Much of the day focused on education innovation case studies from around the world. As we move away from a US-dominated world, to a multi-stakeholder global order, it’s worth noting there are 440,000 foreign students in China (with this number increasing at 10% a year). There are 30,000 foreign students in India, with the number having fallen in the last full year of data. Many of these are diaspora, from places like Britain, going back home, so to speak, to study.

The winner of the $1m Global Teacher Prize in 2017 was Canadian and in 2016 Palestinian. The Economist says the world’s most frenetic and ambitious education reforms are taking place in Pakistan, with astounding results.

But technology is already acting as a big disruptor in the education market. Martin Hamilton (Futurst, Jisc) highlighted how Udacity’s self-driving car nanodegree had 30,000 sign-ups within a few days in 2016. Sudip Roy (Robotics Process Automation) analysed how automation will soon catch up with the education sector, leading to dramatic cost reduction, alongside higher student satisfaction, quality, compliance and security.

Katarina Aleksić (Advisor to the Minister for eEducation, Ministry of Education, Science and Technological Development, Serbia) spoke about her country’s innovation story, which makes deep use of digital to transform education, with computer science a compulsory subject from age 11.

There were several examples in the room of how innovative private sector companies are using some of these principles to train not just young people but adults. Star Certification are one such example, specialising in big data, cryptocurrency, cyber security and other fields, who identified a number of potential partners for their UK market entry at the EIC2018.

There were a number of important annoucements made on the day.
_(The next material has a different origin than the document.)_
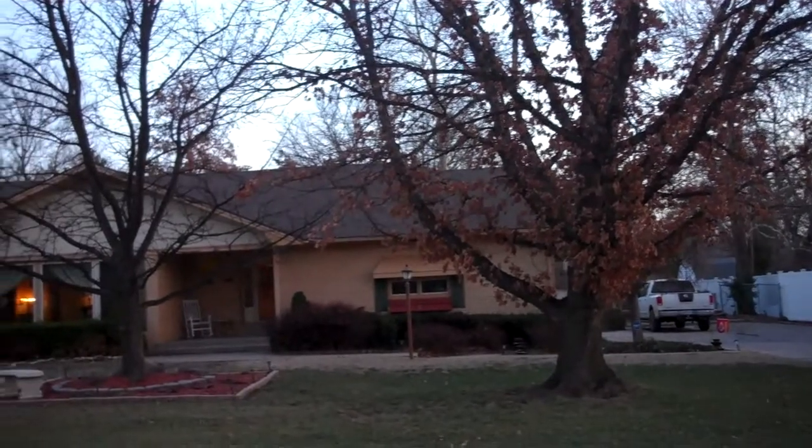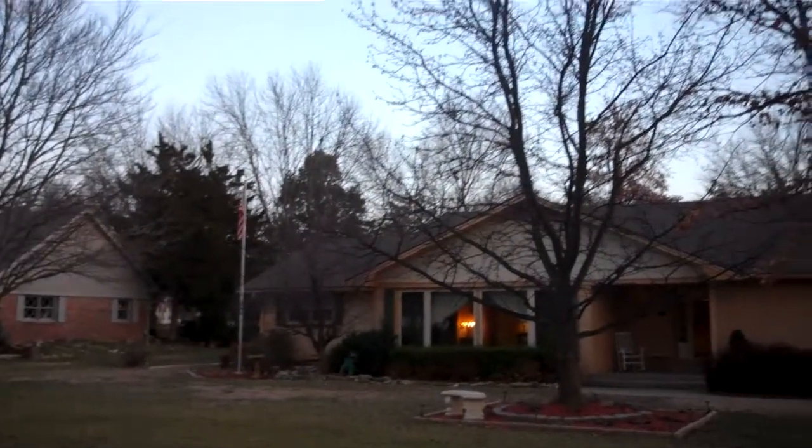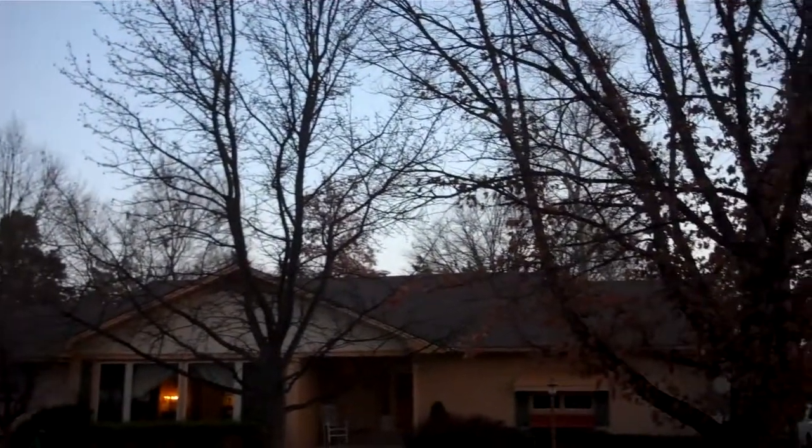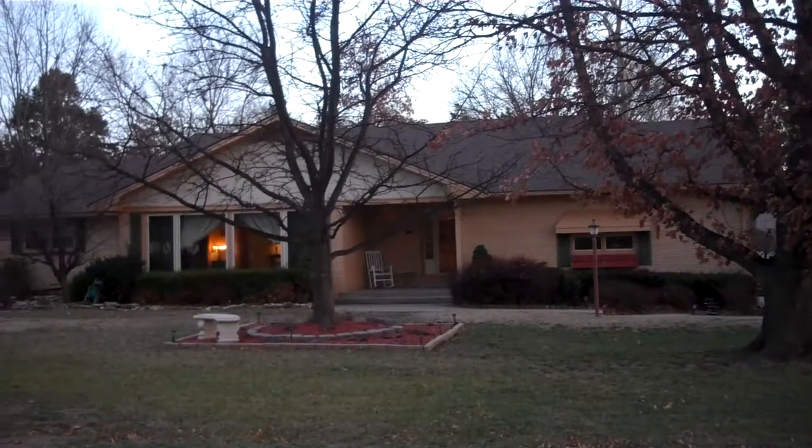This is the front of 707 Post Road in El Dorado, Kansas. You can see it's a great sprawling ranch with very mature trees. It's huge inside — I can't wait to show you.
The International Skill Development Corporation (ISDC) launched a new innovative International Research & Teaching Excellence Framework (IRTEF). 

Bournemouth University launched its Global Talent in India report on the day. Leading Indian skills provider InSkills and a start-up UK skills provider announced a plan to develop international skills centres in the Indian states of Bihar and Uttar Pradesh, validated by NOCN.

The UK office for the Kolkata 4.0 Foundation, a not-for-profit initiative with a vision to create a networking platform for positive thinking on Kolkata in the Indian state of West Bengal, was launched. It’s first report focused on how academia, business and Government could work closely together to create an innovation ecosystem in Kolkata.